Extracted entries:
:::

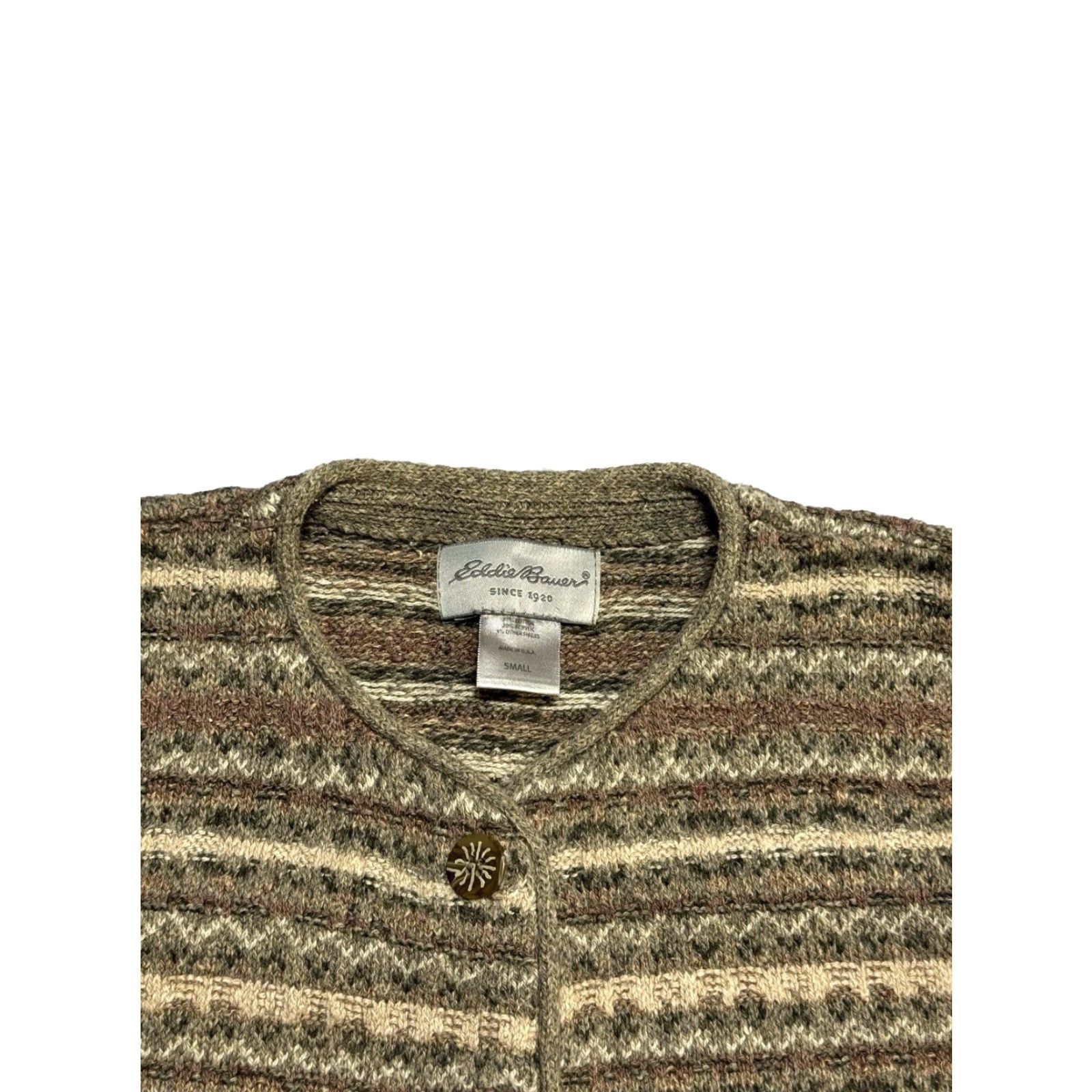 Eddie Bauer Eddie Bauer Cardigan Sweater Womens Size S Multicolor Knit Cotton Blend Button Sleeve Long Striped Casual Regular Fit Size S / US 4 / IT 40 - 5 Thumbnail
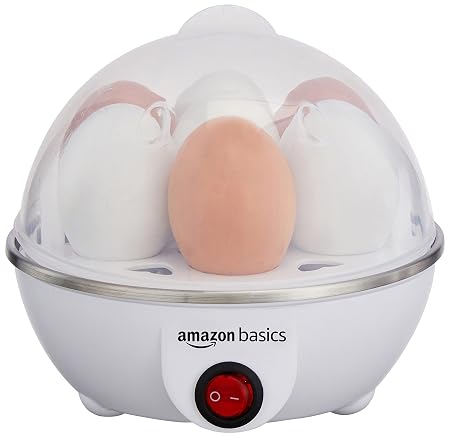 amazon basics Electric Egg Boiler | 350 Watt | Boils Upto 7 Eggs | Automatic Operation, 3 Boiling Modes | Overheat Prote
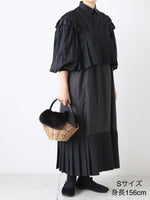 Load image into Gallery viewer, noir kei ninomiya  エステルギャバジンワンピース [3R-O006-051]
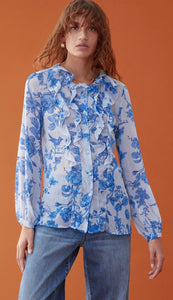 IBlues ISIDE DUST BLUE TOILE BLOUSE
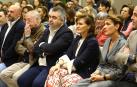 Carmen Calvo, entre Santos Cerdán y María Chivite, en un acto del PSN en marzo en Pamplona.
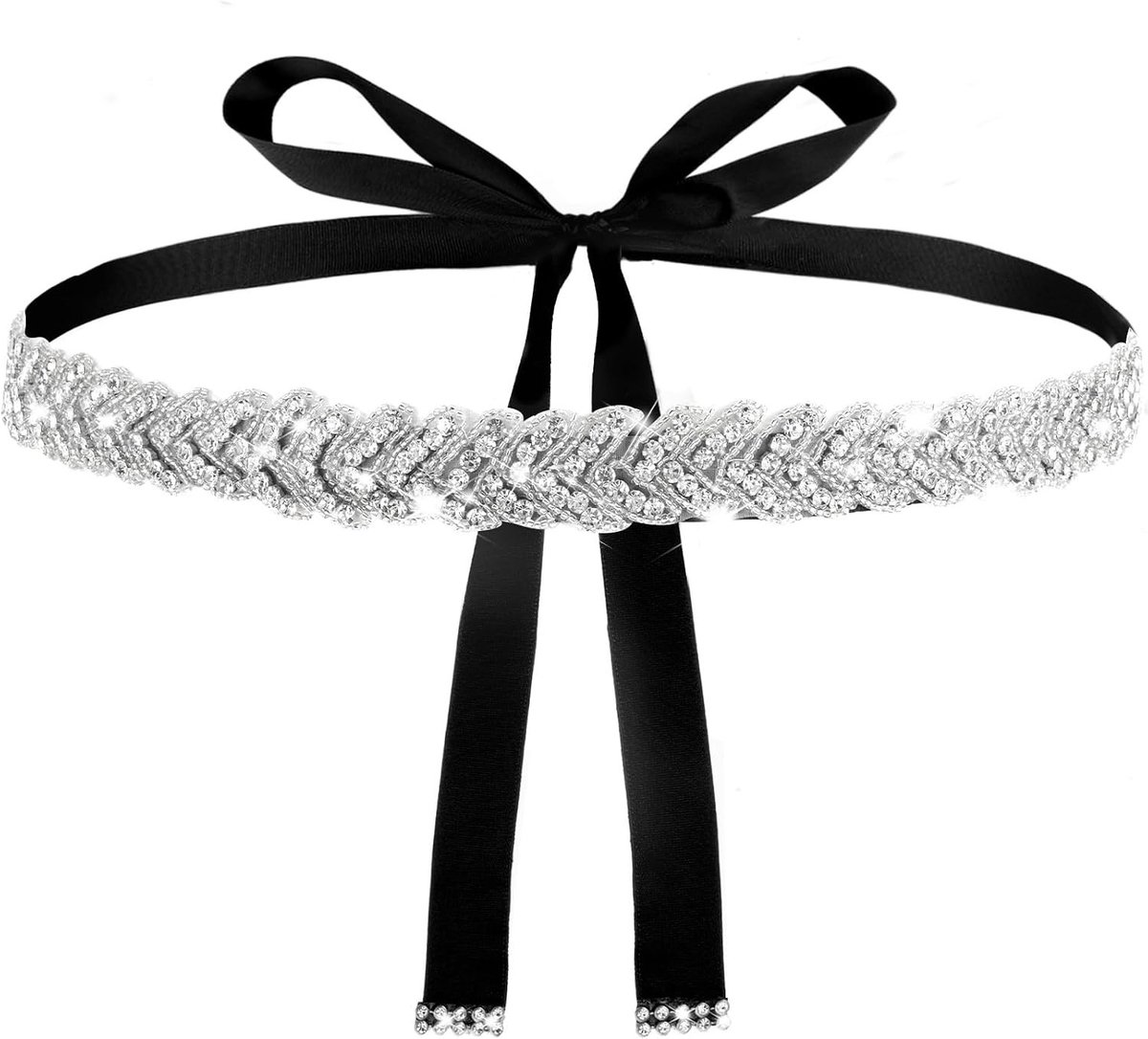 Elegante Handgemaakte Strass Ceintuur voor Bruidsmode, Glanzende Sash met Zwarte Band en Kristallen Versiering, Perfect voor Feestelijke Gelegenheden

:::

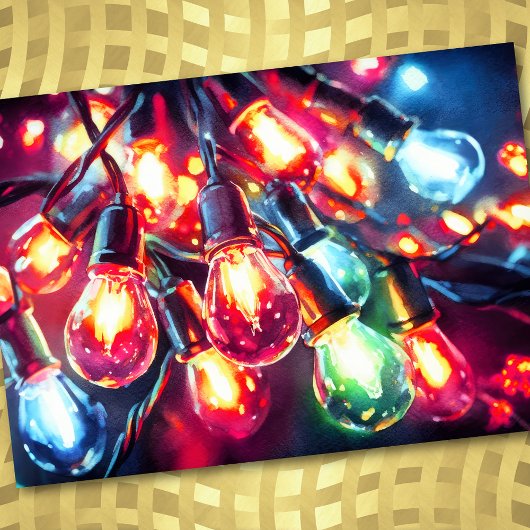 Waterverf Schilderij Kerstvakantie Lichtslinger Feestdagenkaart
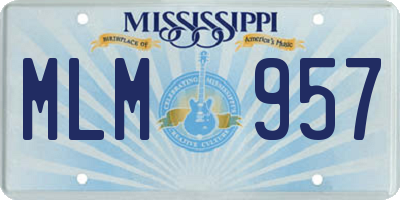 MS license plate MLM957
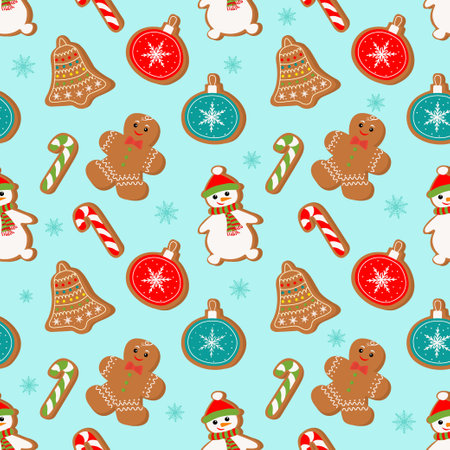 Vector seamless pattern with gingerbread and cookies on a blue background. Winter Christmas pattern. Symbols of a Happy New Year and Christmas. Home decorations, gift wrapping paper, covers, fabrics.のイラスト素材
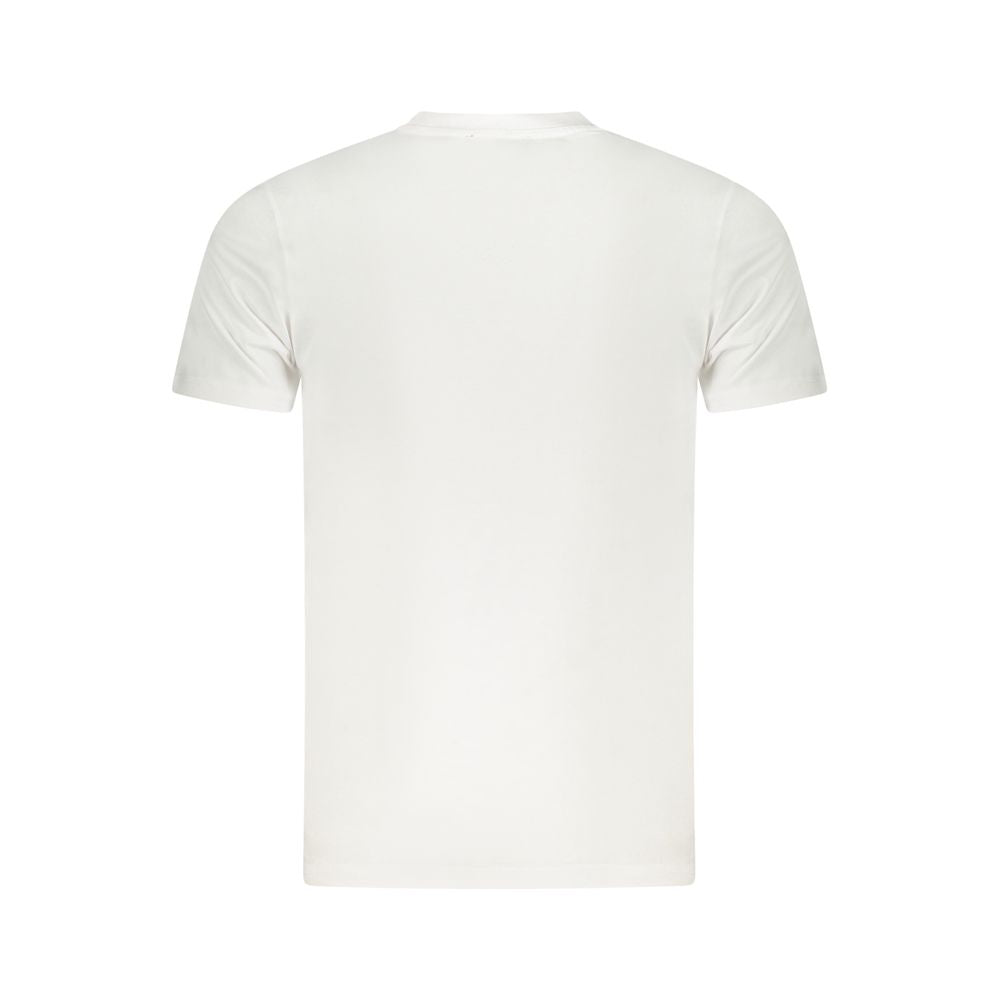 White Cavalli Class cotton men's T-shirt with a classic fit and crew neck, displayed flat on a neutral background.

:::

Exercise:
Looking above, find the stretch of lines that opens with the one holding "IBlues ISIDE DUST BLUE TOILE BLOUSE" and closes with the one holding "Elegante Handgemaakte Strass". Copy it exactly, pictures excluded.

Your response:
 IBlues ISIDE DUST BLUE TOILE BLOUSE
 Carmen Calvo, entre Santos Cerdán y María Chivite, en un acto del PSN en marzo en Pamplona.
 Elegante Handgemaakte Strass Ceintuur voor Bruidsmode, Glanzende Sash met Zwarte Band en Kristallen Versiering, Perfect voor Feestelijke Gelegenheden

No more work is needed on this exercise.